Extracted entries:
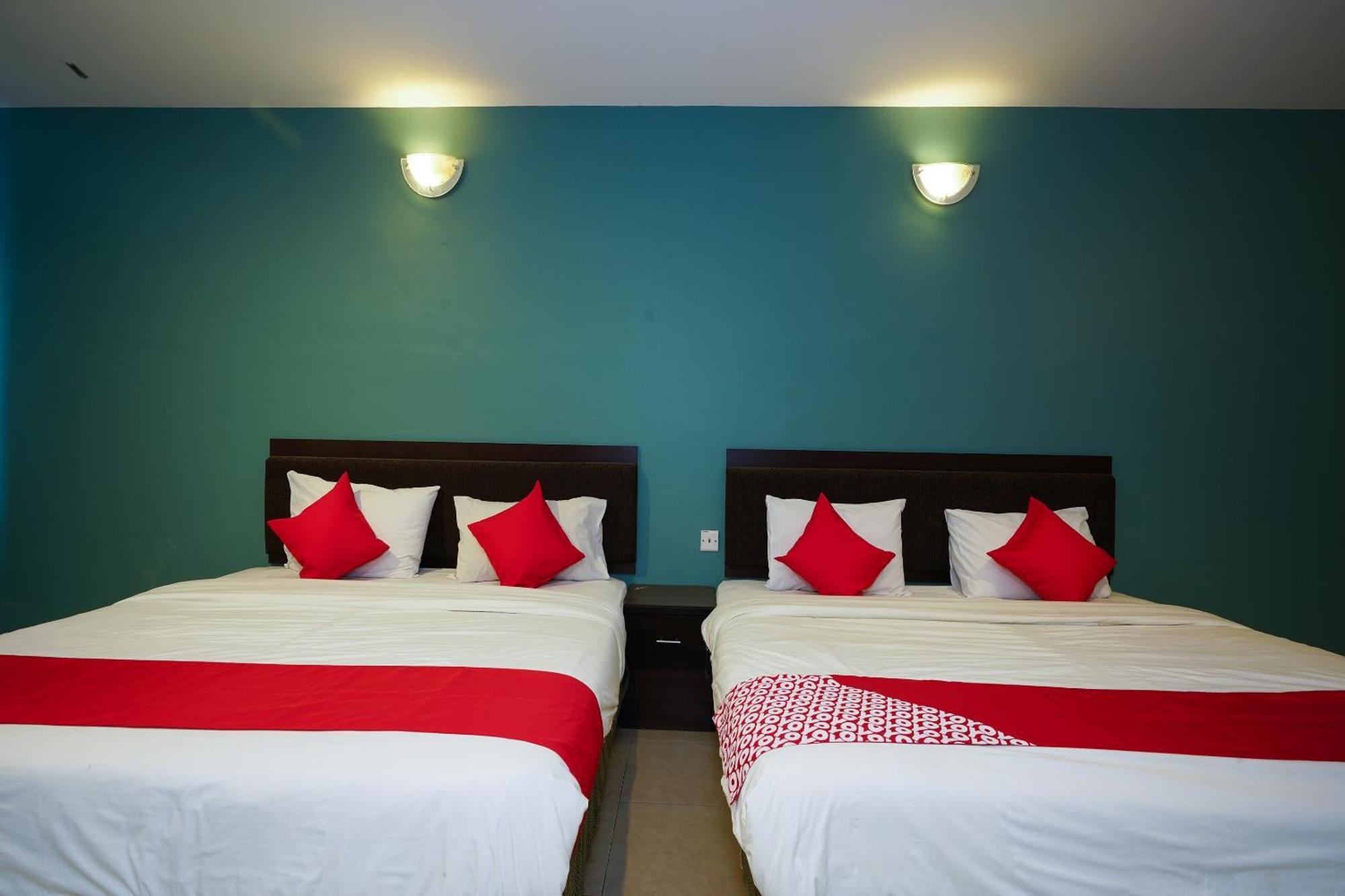 Hotel O Hotel Orchard Inn Lumut Extérieur photo
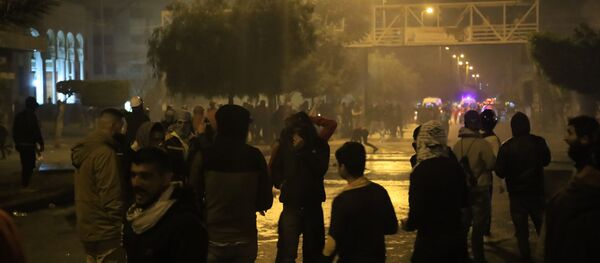 احتجاجات عنيفة واشتباكات بين المتظاهرين وقوى الأمن أمام سرايا طرابلس بلبنان - سبوتنيك عربي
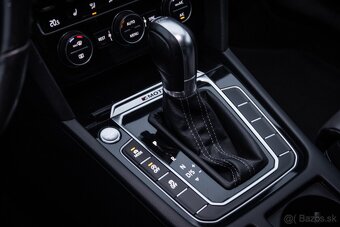 Volkswagen Passat Variant 2.0 BiTDI R-Line 4MOTION DSG - 16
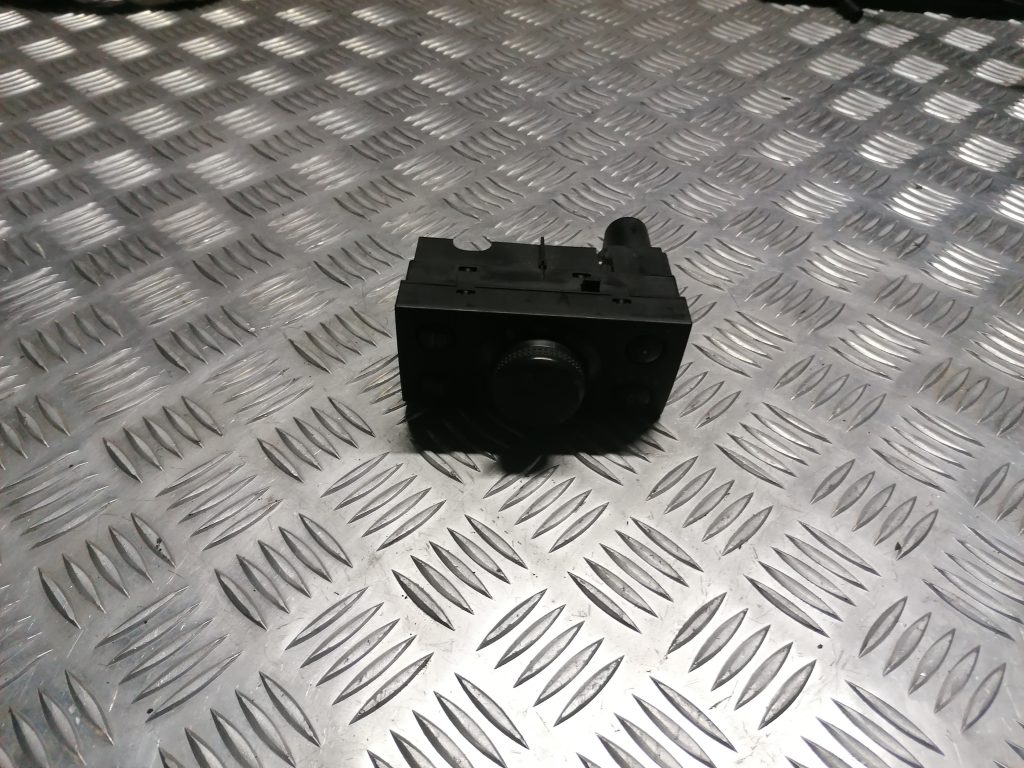 Gaismas slēdzis priekš OPEL MERIVA 2005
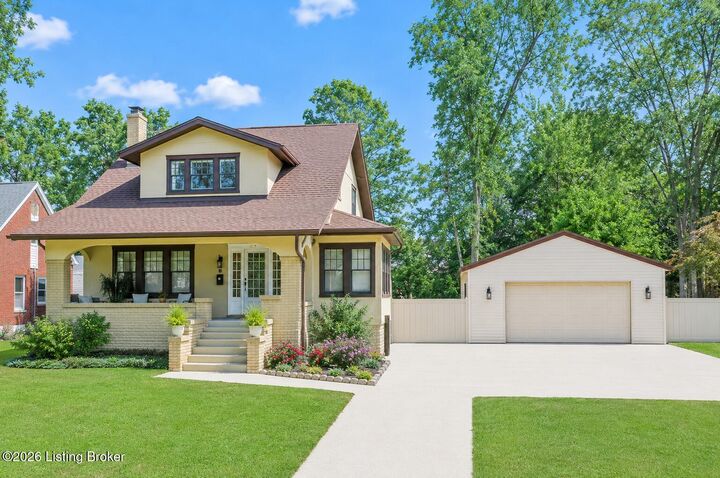 Property Photo:  1424 Cardinal Dr  KY 40213 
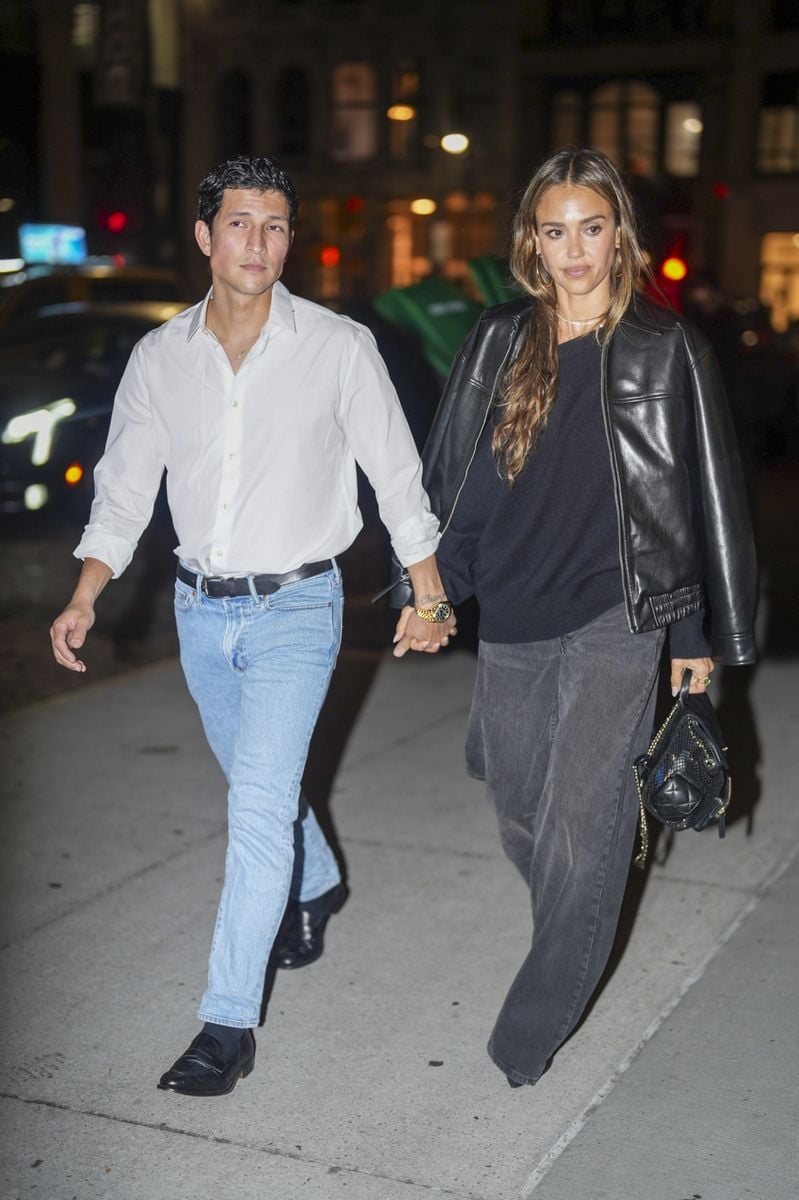 Jessica Alba and her boyfriend, Danny Ramirez, were spotted heading to Zero Bond to celebrate his 33rd birthday.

Required action: All the material above should be written out exactly, with images omitted.

Output for this exercise:
 Hotel O Hotel Orchard Inn Lumut Extérieur photo
 احتجاجات عنيفة واشتباكات بين المتظاهرين وقوى الأمن أمام سرايا طرابلس بلبنان - سبوتنيك عربي
 Volkswagen Passat Variant 2.0 BiTDI R-Line 4MOTION DSG - 16
 Gaismas slēdzis priekš OPEL MERIVA 2005
 Property Photo:  1424 Cardinal Dr  KY 40213 
 Jessica Alba and her boyfriend, Danny Ramirez, were spotted heading to Zero Bond to celebrate his 33rd birthday.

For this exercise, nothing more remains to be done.